The data —

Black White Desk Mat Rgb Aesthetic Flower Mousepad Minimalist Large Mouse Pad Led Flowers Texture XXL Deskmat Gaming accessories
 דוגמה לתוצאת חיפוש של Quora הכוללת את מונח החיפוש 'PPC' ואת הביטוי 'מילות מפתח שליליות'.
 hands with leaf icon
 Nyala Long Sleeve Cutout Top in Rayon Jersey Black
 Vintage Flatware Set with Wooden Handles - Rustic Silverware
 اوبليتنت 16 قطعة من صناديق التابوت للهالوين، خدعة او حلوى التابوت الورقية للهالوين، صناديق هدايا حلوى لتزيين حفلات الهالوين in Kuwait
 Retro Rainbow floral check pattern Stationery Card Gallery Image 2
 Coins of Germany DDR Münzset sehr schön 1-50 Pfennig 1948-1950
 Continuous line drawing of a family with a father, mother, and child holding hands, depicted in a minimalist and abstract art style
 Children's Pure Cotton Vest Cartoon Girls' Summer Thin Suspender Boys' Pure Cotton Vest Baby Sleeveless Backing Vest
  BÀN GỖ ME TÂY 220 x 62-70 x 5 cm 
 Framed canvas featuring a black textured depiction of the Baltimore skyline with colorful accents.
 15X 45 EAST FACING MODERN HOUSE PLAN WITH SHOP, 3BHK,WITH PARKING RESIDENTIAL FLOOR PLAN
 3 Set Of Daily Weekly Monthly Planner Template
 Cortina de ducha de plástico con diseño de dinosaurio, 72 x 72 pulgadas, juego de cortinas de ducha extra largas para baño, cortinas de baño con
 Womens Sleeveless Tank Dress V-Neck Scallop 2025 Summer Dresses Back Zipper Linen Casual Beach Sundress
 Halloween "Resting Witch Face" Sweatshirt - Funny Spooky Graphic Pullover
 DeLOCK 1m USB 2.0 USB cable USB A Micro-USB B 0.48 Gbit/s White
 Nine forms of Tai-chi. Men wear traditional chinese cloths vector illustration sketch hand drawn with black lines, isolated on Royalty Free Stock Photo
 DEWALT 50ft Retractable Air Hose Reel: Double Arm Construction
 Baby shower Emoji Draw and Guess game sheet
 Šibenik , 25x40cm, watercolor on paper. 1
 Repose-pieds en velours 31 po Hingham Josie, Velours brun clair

Activity —
Please output the complete set of records above without any alteration.

Solved exercise —
Black White Desk Mat Rgb Aesthetic Flower Mousepad Minimalist Large Mouse Pad Led Flowers Texture XXL Deskmat Gaming accessories
 דוגמה לתוצאת חיפוש של Quora הכוללת את מונח החיפוש 'PPC' ואת הביטוי 'מילות מפתח שליליות'.
 hands with leaf icon
 Nyala Long Sleeve Cutout Top in Rayon Jersey Black
 Vintage Flatware Set with Wooden Handles - Rustic Silverware
 اوبليتنت 16 قطعة من صناديق التابوت للهالوين، خدعة او حلوى التابوت الورقية للهالوين، صناديق هدايا حلوى لتزيين حفلات الهالوين in Kuwait
 Retro Rainbow floral check pattern Stationery Card Gallery Image 2
 Coins of Germany DDR Münzset sehr schön 1-50 Pfennig 1948-1950
 Continuous line drawing of a family with a father, mother, and child holding hands, depicted in a minimalist and abstract art style
 Children's Pure Cotton Vest Cartoon Girls' Summer Thin Suspender Boys' Pure Cotton Vest Baby Sleeveless Backing Vest
  BÀN GỖ ME TÂY 220 x 62-70 x 5 cm 
 Framed canvas featuring a black textured depiction of the Baltimore skyline with colorful accents.
 15X 45 EAST FACING MODERN HOUSE PLAN WITH SHOP, 3BHK,WITH PARKING RESIDENTIAL FLOOR PLAN
 3 Set Of Daily Weekly Monthly Planner Template
 Cortina de ducha de plástico con diseño de dinosaurio, 72 x 72 pulgadas, juego de cortinas de ducha extra largas para baño, cortinas de baño con
 Womens Sleeveless Tank Dress V-Neck Scallop 2025 Summer Dresses Back Zipper Linen Casual Beach Sundress
 Halloween "Resting Witch Face" Sweatshirt - Funny Spooky Graphic Pullover
 DeLOCK 1m USB 2.0 USB cable USB A Micro-USB B 0.48 Gbit/s White
 Nine forms of Tai-chi. Men wear traditional chinese cloths vector illustration sketch hand drawn with black lines, isolated on Royalty Free Stock Photo
 DEWALT 50ft Retractable Air Hose Reel: Double Arm Construction
 Baby shower Emoji Draw and Guess game sheet
 Šibenik , 25x40cm, watercolor on paper. 1
 Repose-pieds en velours 31 po Hingham Josie, Velours brun clair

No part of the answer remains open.